As he waits, an Oshiwambo hymn plays on low volume on a radio for those who did not make it to church this morning. Clad in faded light blue jeans, an oversized navy floppy and All Stars sneakers, Heita welcomes The Namibian inside his tiny barber shop.

The self-taught barber has been styling and shaving men and boys’ hair since 2016.

Although he has no legs and rests in a wheelchair, he quickly elevates himself on a specially designed adjacent seat as soon as another schoolboy walks in.

He grabs a cheetah printed silk cloth, dusts it off and quickly throws it around the shoulders of his 16-year-old customer, Tuyeni Shimana.

Heita asks the boy to move his head closer.

“Alright,” the boy obliges.

The trusting teenager closes his eyes, relaxes in his seat and allows his regular barber to do his magic.

Heita grabs the razor, cleans it with a toothbrush and gets to work.

In the background, an old portable fan defiantly spins against the scorching heat, blowing on their faces.

The buzzing sound of the razor cuts into the silence.

It is a hot, Sunday morning. Tomorrow is school.

Shimana has been a regular customer since he was 11 years old. Every now and then, schoolboys like Shimana will drop by Heita’s shop for their regular haircuts to look presentable in class the next day.

Heita only charges the boys N$25. “They love coming here,” Heita says proudly, adding that many of them only trust him with their hair.

A notice made from a torn brown cardboard box is pinned on a wooden pole that reads:

Below the notice, Heita thanks his potential customers for supporting his business. “Better Hope Barber Shop…”

The name he chose for his business sums up the life he has lived. At the age of five, Heita fell from a tree and broke his legs. He has been in a wheelchair since. He could not finish school. But that has not stopped him from making a living. “If you sleep, you do not eat,” Heita says of his motto in life.

The highest level he achieved in school was Grade 10. Life has taught him to survive, he says.

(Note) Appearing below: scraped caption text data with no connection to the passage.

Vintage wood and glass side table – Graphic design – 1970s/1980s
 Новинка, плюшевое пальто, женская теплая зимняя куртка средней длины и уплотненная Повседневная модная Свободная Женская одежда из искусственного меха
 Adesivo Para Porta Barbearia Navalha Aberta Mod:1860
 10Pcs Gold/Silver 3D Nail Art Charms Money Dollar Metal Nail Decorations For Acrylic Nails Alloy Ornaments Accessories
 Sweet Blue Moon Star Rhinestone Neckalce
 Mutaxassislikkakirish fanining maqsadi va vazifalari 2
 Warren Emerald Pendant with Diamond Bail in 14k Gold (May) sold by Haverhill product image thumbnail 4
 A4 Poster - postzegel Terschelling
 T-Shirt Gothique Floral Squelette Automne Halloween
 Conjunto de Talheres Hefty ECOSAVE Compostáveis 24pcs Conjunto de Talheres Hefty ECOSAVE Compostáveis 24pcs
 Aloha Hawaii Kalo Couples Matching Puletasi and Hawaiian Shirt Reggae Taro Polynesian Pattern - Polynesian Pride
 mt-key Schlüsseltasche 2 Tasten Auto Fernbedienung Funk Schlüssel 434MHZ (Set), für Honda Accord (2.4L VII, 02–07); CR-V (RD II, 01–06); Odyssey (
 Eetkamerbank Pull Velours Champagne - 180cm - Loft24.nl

During our interview, meme Gloria Shipinge, a principal at a nearby school, pops in to say hello.

“He is such a wonderful person. I have known him for years,” she says.

“Every morning he comes here to his duty station for the past 10 years. A lot of people support his business because of the nature of his condition.”

Heita looks around his small barber shop and sighs.

“All I want is to get assistance in helping to expand this place into a bigger one. That is my wish,” he says.